Governments Meet on Internet Regulations

U.S. government officials and companies are ramping up efforts to prevent this week’s international telecommunications treaty negotiations from giving authoritarian regimes more control over the Internet, even as the true extent of the threat remains disputed.

Starting this week, representatives from hundreds of countries are gathering at the World Conference on International Telecommunications in Dubai, hosted by the United Nations International Telecommunication Union.

International telecommunications regulations, which are overseen by the ITU, mainly address older telecom technologies like telephone service. Some countries have expressed interest in expanding their scope to cover Internet issues because the Internet is playing a larger role in communications in general.

The U.S. delegation, backed by vocal Internet companies and consumer advocates, will make the case that the international system for regulating Internet traffic should remain decentralized, rather than in the hands of the U.N. or specific governments. 

"The Internet is a decentralized network of networks and there is no one party—government or industry—that controls the Internet today. And that's a good thing," top U.S. telecommunications officials wrote on Friday in a blog post on the State Department website.

Companies like Google have taken the opportunity to rail against any increased government role in Internet governance.

"Some proposals could allow governments to justify the censorship of legitimate speech, or even cut off Internet access in their countries," Google's Vint Cerf wrote in a blog post. The Syrian regime was accused of doing just that during the recent political uprisings there, and denying access to Internet communications has been a weapon used by other repressive governments to stifle dissent.

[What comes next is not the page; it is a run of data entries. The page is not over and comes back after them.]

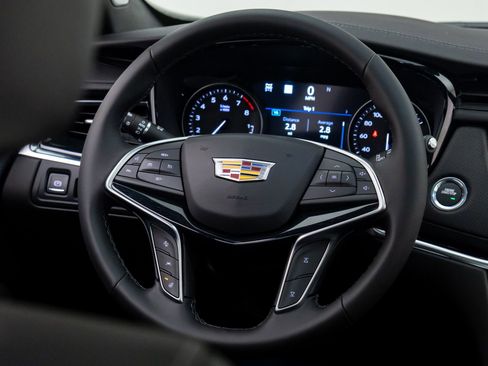 New 2026 Cadillac XT5 Premium Luxury w/ Driver Assist Package image 11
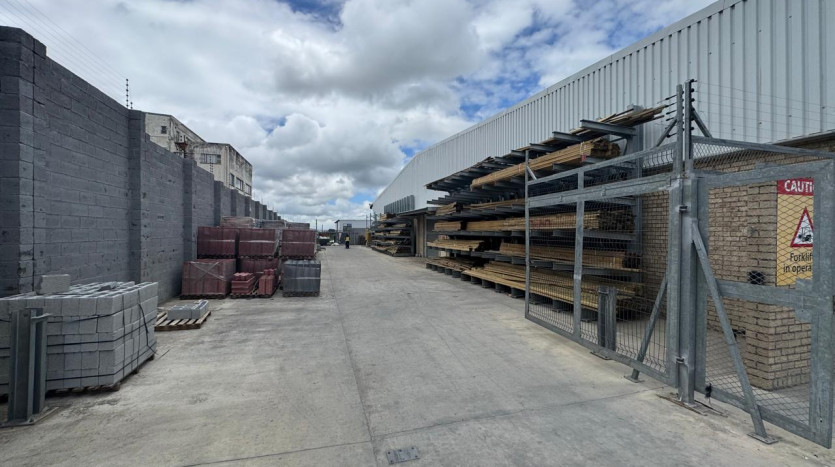 National Store in Prime Location Property Images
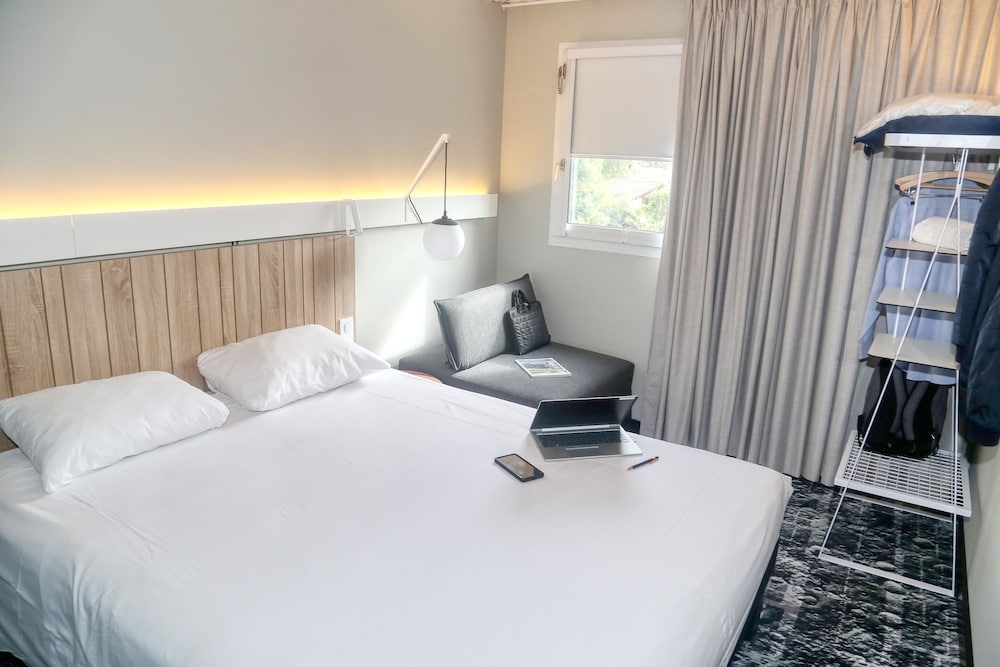 Habitación Standard con una cama doble y una cama individual del hotel Ibis Biarritz Anglet Aeroport. Foto 2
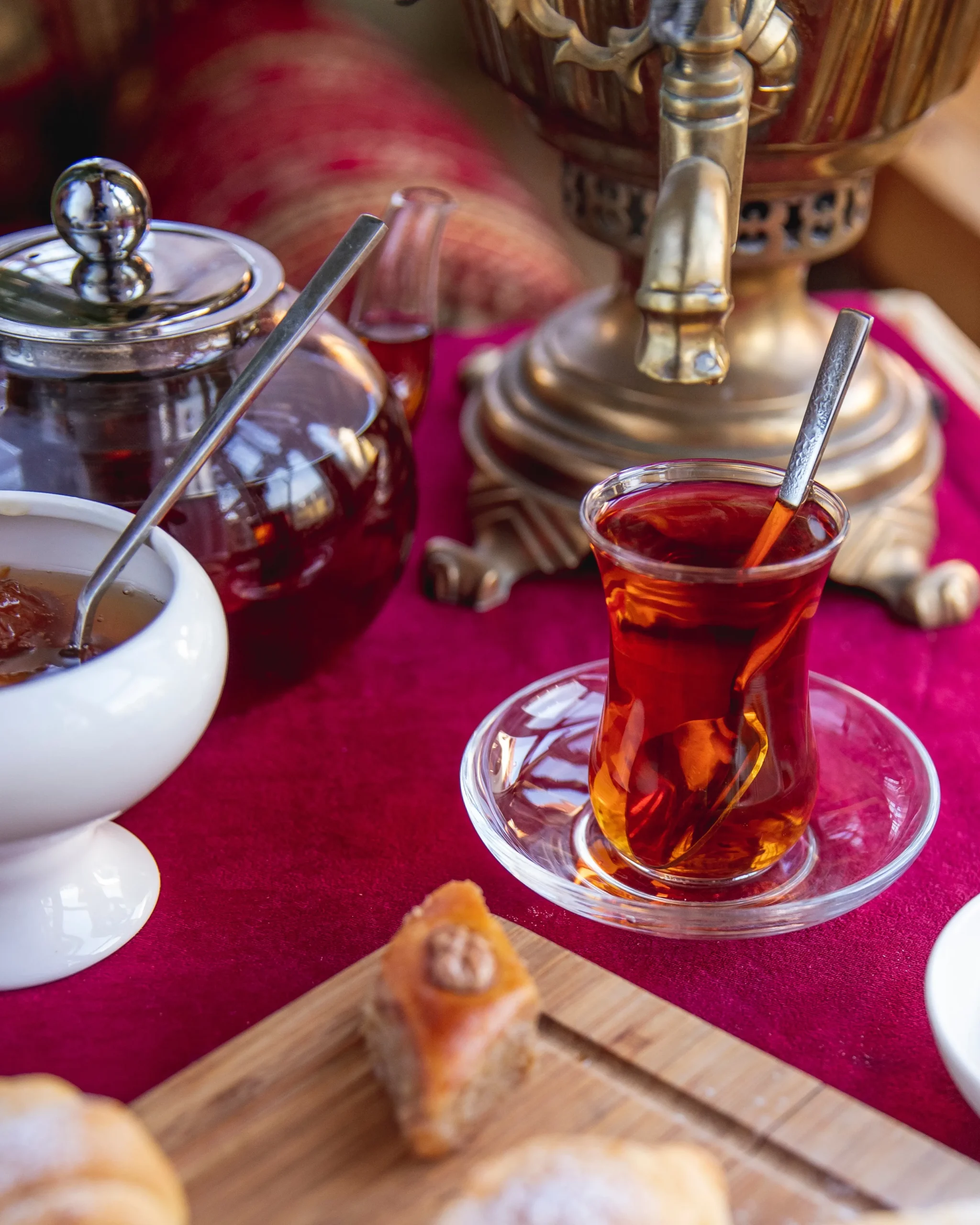 tea-with-pakhlava-side-view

Google has asked its users to sign an online petition opposing the ITU’s “closed-door meeting” that could “increase censorship and regulate the Web.”

The cause has bipartisan support in Congress, where lawmakers passed resolutions urging the U.S. to oppose any efforts to have the U.N. take a greater role in controlling the flow of Internet traffic. But the treaty process can't force the United States to do anything it doesn't want, and ITU officials deny any nefarious plot.

"Contrary to some of the sensationalist claims in the press, WCIT‑12 is definitively not about taking control of the Internet, especially in terms of the management of the Internet’s critical resources, such as names and addresses," ITU Secretary General Hamadoun Touré said last month. "Also WCIT‑12 is not in any way about restricting people’s freedom of expression or freedom of speech."

And even some company executives admit that the danger is likely to be less sensational than some kind of U.N. takeover of the Internet.

AT&T Vice President Jim Cicconi said that the most realistic danger is that authoritarian regimes will seek to use the negotiations to legitimize or provide a "legal underpinning" for their repressive Internet policies. "It would be a shame and embarrassment if the ITU provided that for them," he said.